JAMES E. BUTTERSWORTH
1817-1894
Ship:
Valparaiso, c. 1855
Oil on
canvas, 24 X 36" (60.96 x 91.44
cm.)
Signed,
lower right
Museum
purchase, S28-0-122
Considered among the foremost American ship portraitists of
the nineteenth century, James E. Buttersworth was born in
Middlesex County, England in 1817 and studied painting with
Thomas Buttersworth, the noted British marine painter. He moved
to the United States around 1845 and settled in West Hoboken, New
Jersey. He is also recorded as having had a studio in Brooklyn in
1854.
Through the 1850s, Buttersworth developed a prominent
reputation as a ship portraitist. He is known, in retrospect, for
his precisely drawn and finely detailed renderings of the sleek
new clipper ships which were circling the globe in
record-breaking times during this period.

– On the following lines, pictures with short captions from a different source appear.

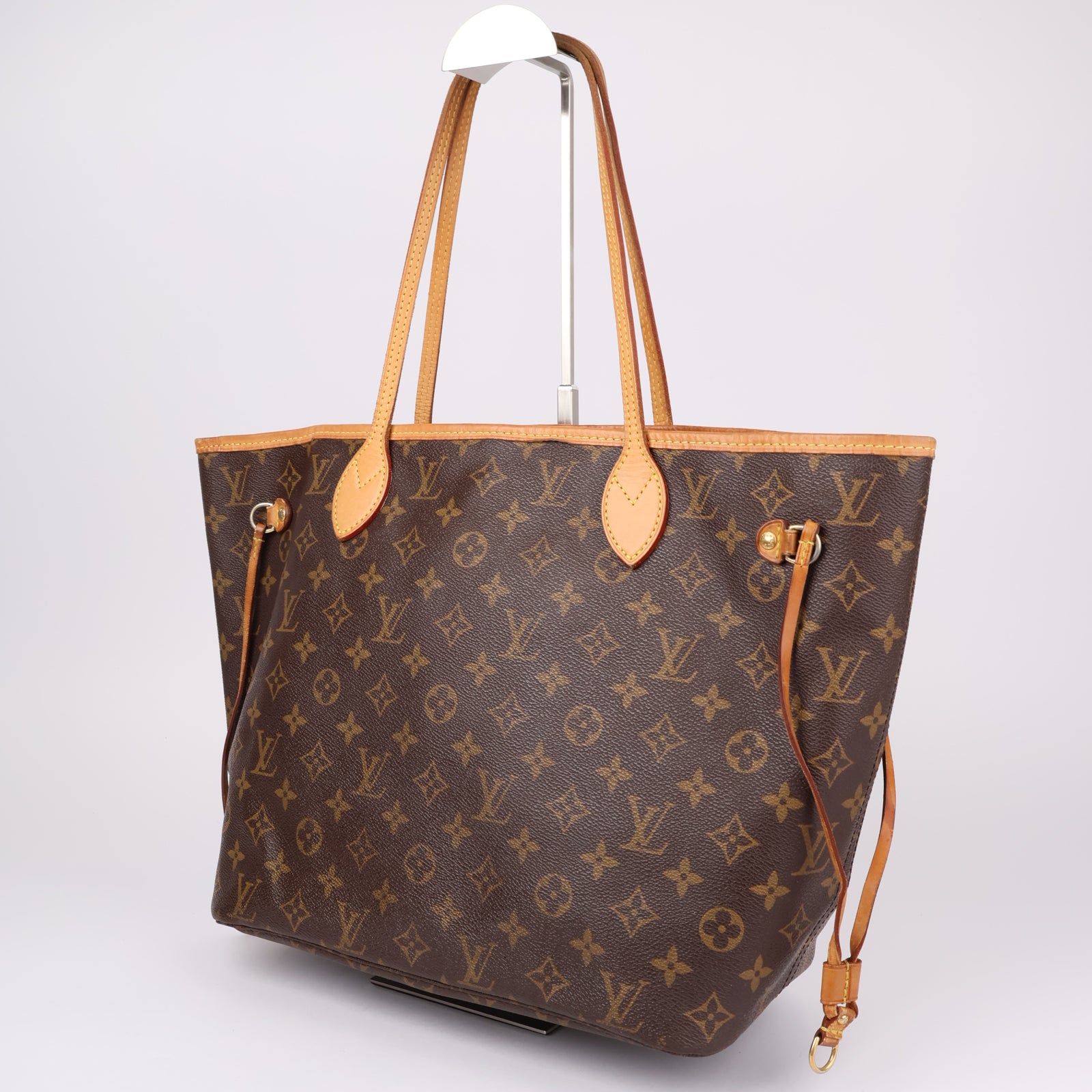 J1243-LOUIS VUITTON Monogram Canvas Neverfull MM Bag- Pre Owned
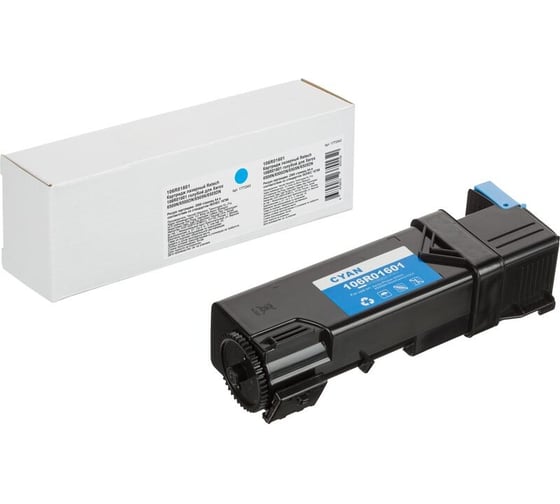 Лазерный картридж Retech 106r01601 голубой, для xerox 6500n/6500dn/6505n/6505dn 1773343 1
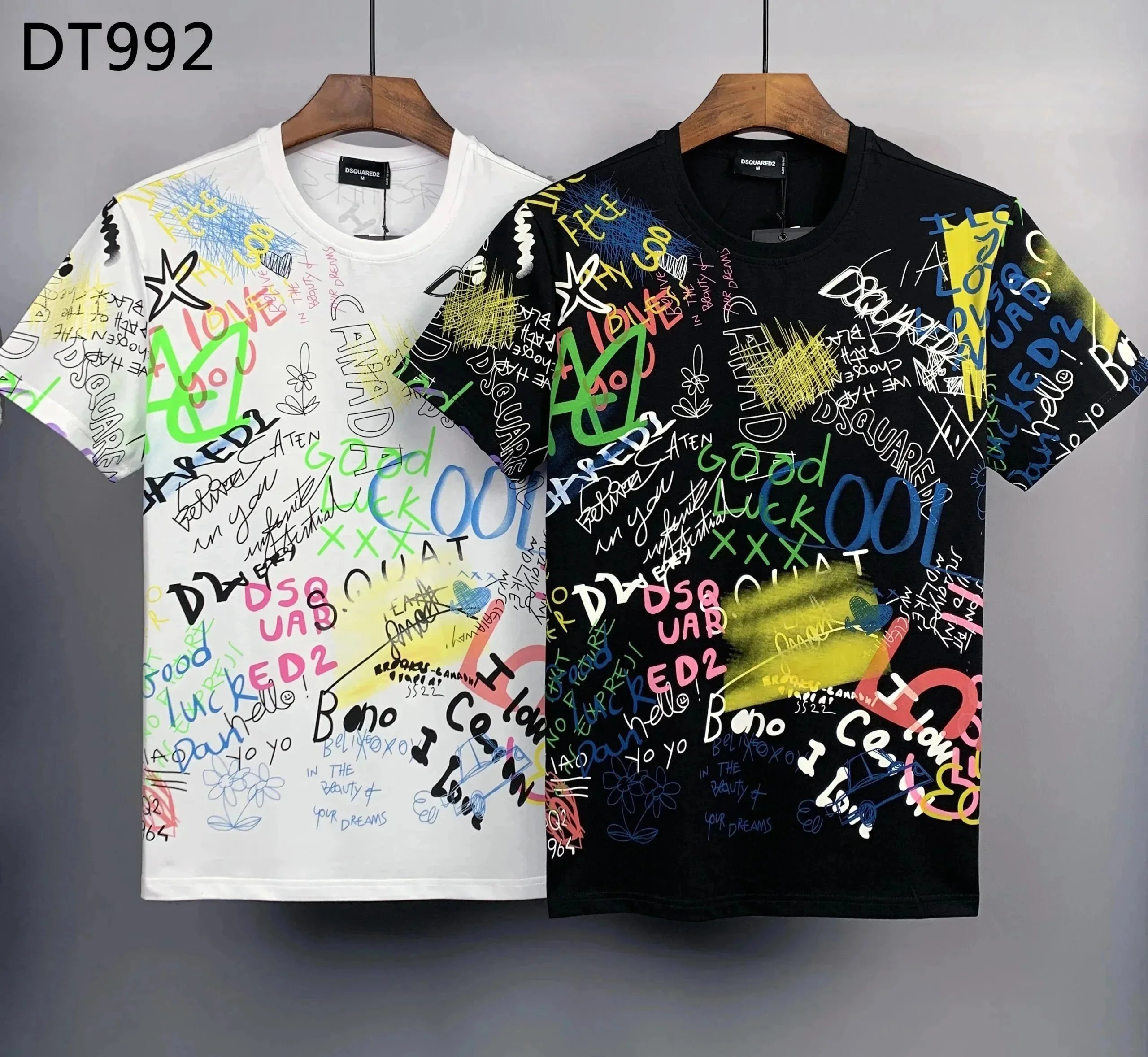 DSQUARED2 Multiple T-shirt designs image 6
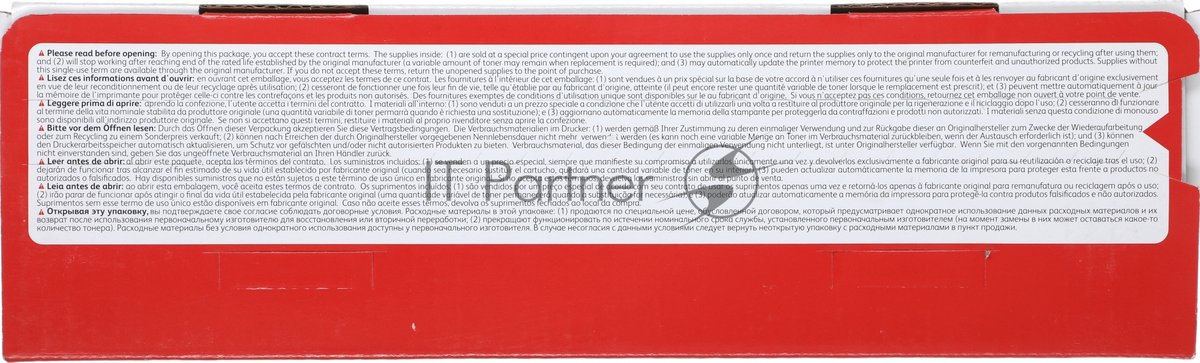 Картридж лазерный для Xerox B230/B225/B235 (3K стр.), черный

Underscoring both his
importance as an artist and the wide popularity of these
extraordinary new vessels, Nathaniel Currier and James Merritt
Ives modeled numerous popular lithographs on his fine paintings
executed between 1847 and 1865. Buttersworth also
exhibited his work frequently throughout the 1850s at the
American Art Union.
In Ship: Valparaiso, while the detailed rendering the
vessel's sails and rigging clearly define this image as a ship
portrait, there is also a narrative element indicated by other
vessels in the distance suggesting race, typical of
Buttersworth's approach to this genre Buttersworth painted
another very closely related version of this sleekly elegant
1,158 ton clipper ship built at Newburyport, Massachusetts by
John Currie Jr. in 1863. The Butler Institute Ship: Valparaiso
an the other version, also Ship: Valparaiso (n.d.,
private collection), differ only in minor details-the placement
of the gulls, the handling of the water and sky, and the
treatment of the ship's reflection in the water.